Tests parallèles et systèmes associés
De nombreuses unités ukrainiennes de première ligne expérimentent également le montage de fusils sans recul sur des plateformes comme le Mavic. Parallèlement, des solutions plus spécialisées émergent : le Besomar 3210, un drone intercepteur réutilisable présenté à Iron Demo 2025, en est un parfait exemple. Équipé d’un fusil sans recul à l’avant, il combine l’imagerie thermique et des algorithmes de tir automatisés pour intercepter les missiles Shahed/Geran à courte portée.

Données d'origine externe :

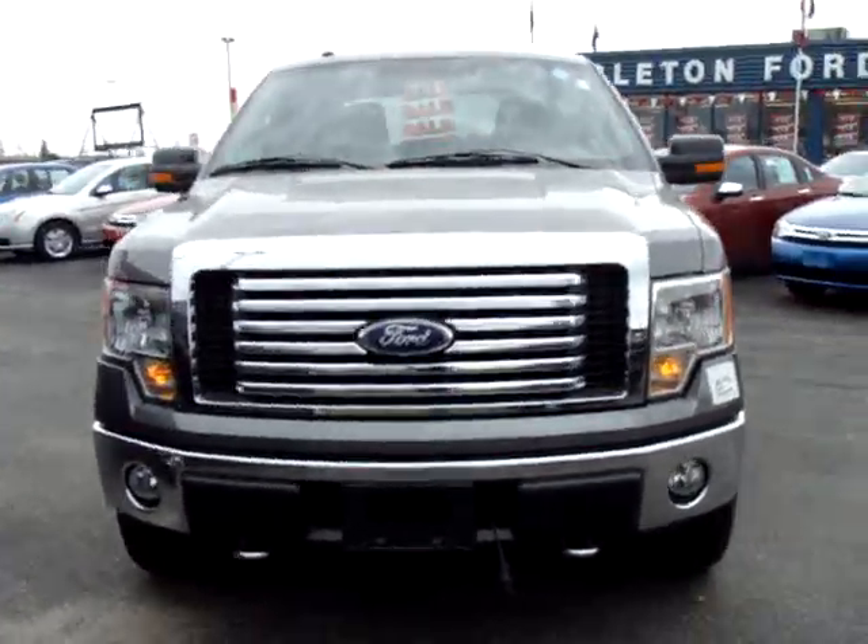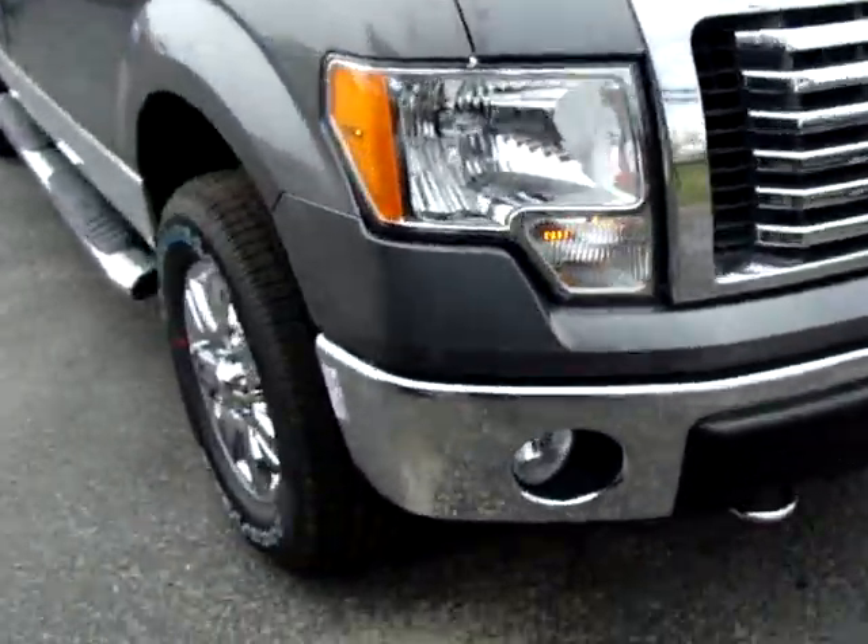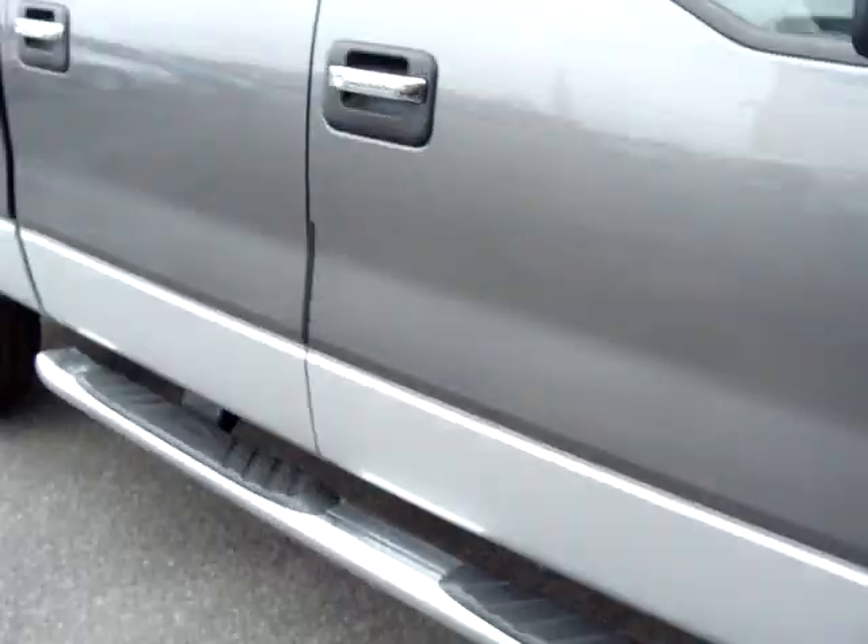Hi, this is Chris at Carleton Ford, going to do a quick walk around on this 2010 Ford F-150 XLT XTR 4x4.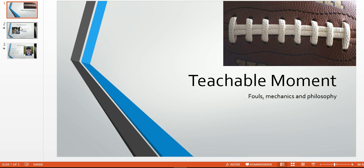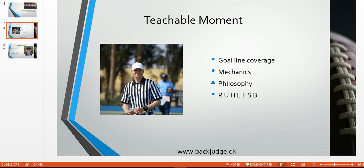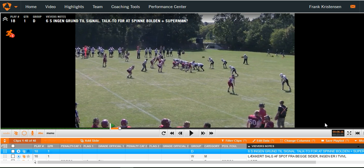Welcome to another Teachable Moment for Football Officials. In this edition, we'll have a look at a play involving goal line mechanics. We'll talk primarily mechanics — there's no foul involved, so there's no philosophy. And even though this situation deals with the deep officials, it could also be relevant for the wings, referee, and even the umpire on, let's say, a kickoff return for a touchdown, where he would also be involved in goal line coverage.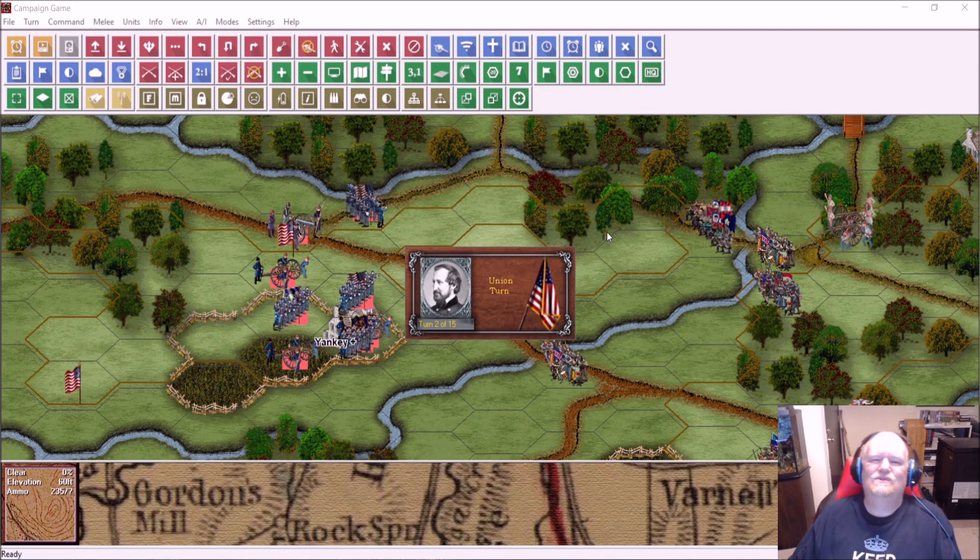Hey everybody, welcome back. Devin, the OG, the original Grognard, back again, sitting down here at the computer, stepping into our playthrough of John Tiller's American Civil War series game, Chickamauga. One of these days I'll figure out the proper way to pronounce it.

À l'échelle internationale, les drones armés tels que le Songar (Turquie) et le Smash Dragon (Israël) illustrent une tendance similaire. La différence avec le DroneHunter réside dans le fait que sa conception est optimisée dès le départ pour les missions anti-drones, et non pour l'attaque de cibles terrestres.
Impacts et limitations
DroneHunter s'inscrit dans le cadre de la doctrine de défense aérienne à plusieurs niveaux, agissant comme « dernier rempart » à 20 mètres au-dessus des tranchées. Sans pour autant remplacer les missiles antiaériens ou les systèmes de brouillage, ce système offre une solution économique pour atténuer les risques que représentent les drones kamikazes pour le personnel et les équipements critiques.